Industrial & Systems Engineering

  • ISE 511: (3 UNITS): Mechatronic Systems Engineering Use of mechanical, electrical, and computer engineering, math, and computer science to design of high performance and sophisticated products and processes and systems involving mechatronic.  Recommended preparation: Bachelor’s degree in engineering or physical science, and preliminary knowledge of programming in C.
  • ISE 520: (3 UNITS): Optimization: Theory and Algorithms Conditions for optimality. Nonlinear programming algorithms for constrained and unconstrained problems. Special problems such as quadratic, separable, fractional, geometric programming. Prerequisite: MATH 225 or EE 441, or departmental approval.
  • ISE 529: (3 UNITS): Engineering Data Analytics Theory and methods of data analytics emphasizing engineering applications: multivariate statistics, supervised learning, classification, smoothing and kernel methods, support vector machines, discrimination analysis, unsupervised learning.
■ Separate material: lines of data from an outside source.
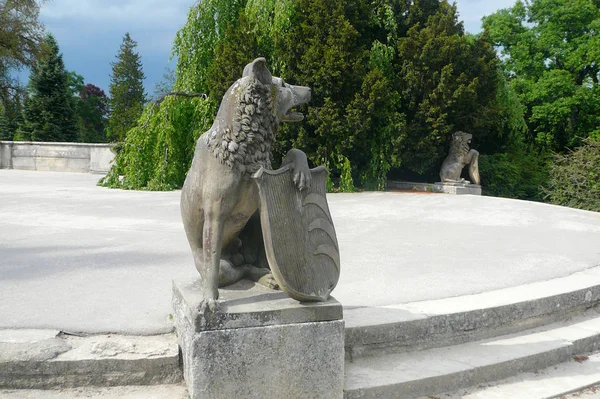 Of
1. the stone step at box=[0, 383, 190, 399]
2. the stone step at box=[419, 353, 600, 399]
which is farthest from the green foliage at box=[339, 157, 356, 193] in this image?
the stone step at box=[0, 383, 190, 399]

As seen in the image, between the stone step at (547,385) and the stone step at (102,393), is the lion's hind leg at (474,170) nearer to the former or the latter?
the stone step at (547,385)

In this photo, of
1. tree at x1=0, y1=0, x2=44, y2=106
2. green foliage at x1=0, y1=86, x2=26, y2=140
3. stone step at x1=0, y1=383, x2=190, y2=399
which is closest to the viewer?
stone step at x1=0, y1=383, x2=190, y2=399

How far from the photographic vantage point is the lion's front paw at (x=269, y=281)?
2.71m

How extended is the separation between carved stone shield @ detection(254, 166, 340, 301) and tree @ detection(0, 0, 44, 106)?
29112 mm

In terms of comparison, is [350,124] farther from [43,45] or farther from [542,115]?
[43,45]

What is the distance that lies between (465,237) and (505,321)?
3453mm

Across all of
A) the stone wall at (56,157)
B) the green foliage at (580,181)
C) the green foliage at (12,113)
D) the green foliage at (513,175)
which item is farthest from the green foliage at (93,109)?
the green foliage at (580,181)

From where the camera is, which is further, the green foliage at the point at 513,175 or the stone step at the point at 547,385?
the green foliage at the point at 513,175

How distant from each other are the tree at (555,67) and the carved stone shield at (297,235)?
19670 millimetres

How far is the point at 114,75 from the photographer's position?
47188 mm

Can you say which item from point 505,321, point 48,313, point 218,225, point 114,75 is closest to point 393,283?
point 505,321

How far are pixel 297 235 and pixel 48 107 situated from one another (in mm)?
31107

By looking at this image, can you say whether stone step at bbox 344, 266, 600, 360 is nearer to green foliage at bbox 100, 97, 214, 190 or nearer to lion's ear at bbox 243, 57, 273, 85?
lion's ear at bbox 243, 57, 273, 85

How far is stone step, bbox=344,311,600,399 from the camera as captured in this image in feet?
8.79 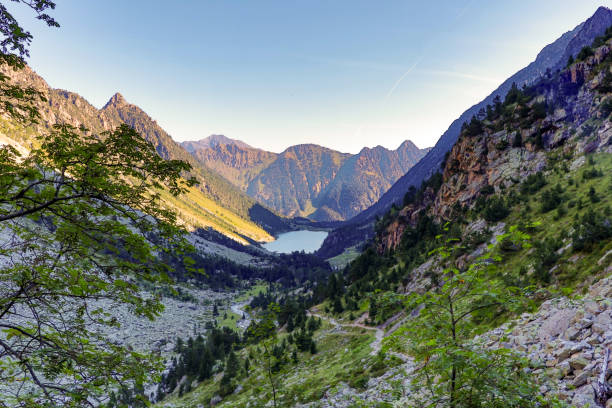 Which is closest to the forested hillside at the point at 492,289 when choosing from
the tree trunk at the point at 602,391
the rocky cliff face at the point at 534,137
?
the tree trunk at the point at 602,391

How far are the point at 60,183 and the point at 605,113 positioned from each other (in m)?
62.7

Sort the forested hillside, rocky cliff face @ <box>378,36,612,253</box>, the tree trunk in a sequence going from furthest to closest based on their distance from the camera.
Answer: rocky cliff face @ <box>378,36,612,253</box>
the tree trunk
the forested hillside

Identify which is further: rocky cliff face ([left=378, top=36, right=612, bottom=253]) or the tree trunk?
rocky cliff face ([left=378, top=36, right=612, bottom=253])

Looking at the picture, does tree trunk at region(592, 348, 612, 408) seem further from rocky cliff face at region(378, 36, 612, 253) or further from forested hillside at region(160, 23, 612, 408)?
rocky cliff face at region(378, 36, 612, 253)

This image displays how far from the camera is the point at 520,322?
15203mm

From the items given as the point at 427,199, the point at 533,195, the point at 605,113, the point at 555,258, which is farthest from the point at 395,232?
the point at 555,258

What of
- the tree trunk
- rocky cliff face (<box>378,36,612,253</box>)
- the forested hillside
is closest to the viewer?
the forested hillside

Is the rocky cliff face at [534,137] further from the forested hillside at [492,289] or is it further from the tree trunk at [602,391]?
the tree trunk at [602,391]

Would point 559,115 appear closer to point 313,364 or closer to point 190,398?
point 313,364

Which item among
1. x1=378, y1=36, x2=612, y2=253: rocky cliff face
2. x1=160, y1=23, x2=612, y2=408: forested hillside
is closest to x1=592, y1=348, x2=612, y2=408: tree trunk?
x1=160, y1=23, x2=612, y2=408: forested hillside

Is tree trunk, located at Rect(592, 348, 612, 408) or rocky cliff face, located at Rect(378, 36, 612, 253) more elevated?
rocky cliff face, located at Rect(378, 36, 612, 253)

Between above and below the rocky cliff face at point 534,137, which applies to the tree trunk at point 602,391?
below

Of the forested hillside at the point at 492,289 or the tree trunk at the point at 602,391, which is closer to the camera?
the forested hillside at the point at 492,289

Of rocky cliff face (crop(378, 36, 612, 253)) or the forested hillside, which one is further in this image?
rocky cliff face (crop(378, 36, 612, 253)) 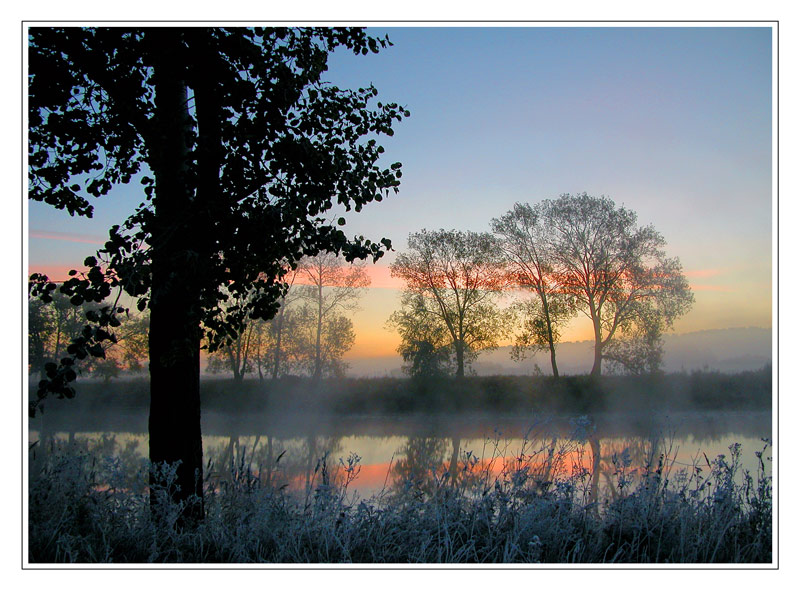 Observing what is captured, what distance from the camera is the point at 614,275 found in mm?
16703

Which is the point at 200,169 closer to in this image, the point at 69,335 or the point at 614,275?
the point at 69,335

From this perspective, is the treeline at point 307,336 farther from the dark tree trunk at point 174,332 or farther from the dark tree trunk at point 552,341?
the dark tree trunk at point 174,332

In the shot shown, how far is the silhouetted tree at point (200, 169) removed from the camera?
4363mm

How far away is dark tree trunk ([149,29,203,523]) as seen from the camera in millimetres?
4555

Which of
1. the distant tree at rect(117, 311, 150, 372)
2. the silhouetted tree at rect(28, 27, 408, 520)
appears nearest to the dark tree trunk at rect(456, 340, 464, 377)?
the distant tree at rect(117, 311, 150, 372)

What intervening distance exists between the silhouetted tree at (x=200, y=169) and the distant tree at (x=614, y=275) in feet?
40.9

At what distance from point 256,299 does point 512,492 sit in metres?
2.91

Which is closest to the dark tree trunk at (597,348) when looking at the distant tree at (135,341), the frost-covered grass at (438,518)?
the distant tree at (135,341)

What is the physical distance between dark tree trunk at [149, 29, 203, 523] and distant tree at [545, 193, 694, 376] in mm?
13562

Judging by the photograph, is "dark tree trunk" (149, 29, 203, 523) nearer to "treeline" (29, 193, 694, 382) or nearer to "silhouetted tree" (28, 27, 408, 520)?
"silhouetted tree" (28, 27, 408, 520)

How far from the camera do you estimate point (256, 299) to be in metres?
5.49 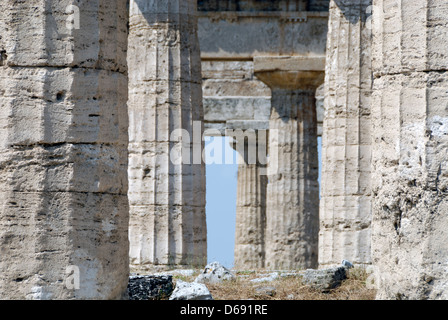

  • ISE 532 (3 UNITS): Network Flows Tree, path flow problems and solution techniques. Methods for minimal cost flows. Applications. Prerequisite: ISE 330 or ISE 536 or departmental approval.
  • ISE 536: (3 UNITS) Linear Programming and Extensions Linear programming models for resource allocation; simplex and revised simplex methods; duality; sensitivity; transportation problems; selected extensions to large scale, multiobjective, and special structured models. Prerequisite: MATH 225 or EE 441 or departmental approval.
  • ISE 538 (3 UNITS): Markov Models for Performance Analysis Random variables, stochastic processes, birth-and-death processes, continuous and discrete time Markov chains with finite and infinite number of states, renewal phenomena, queueing systems.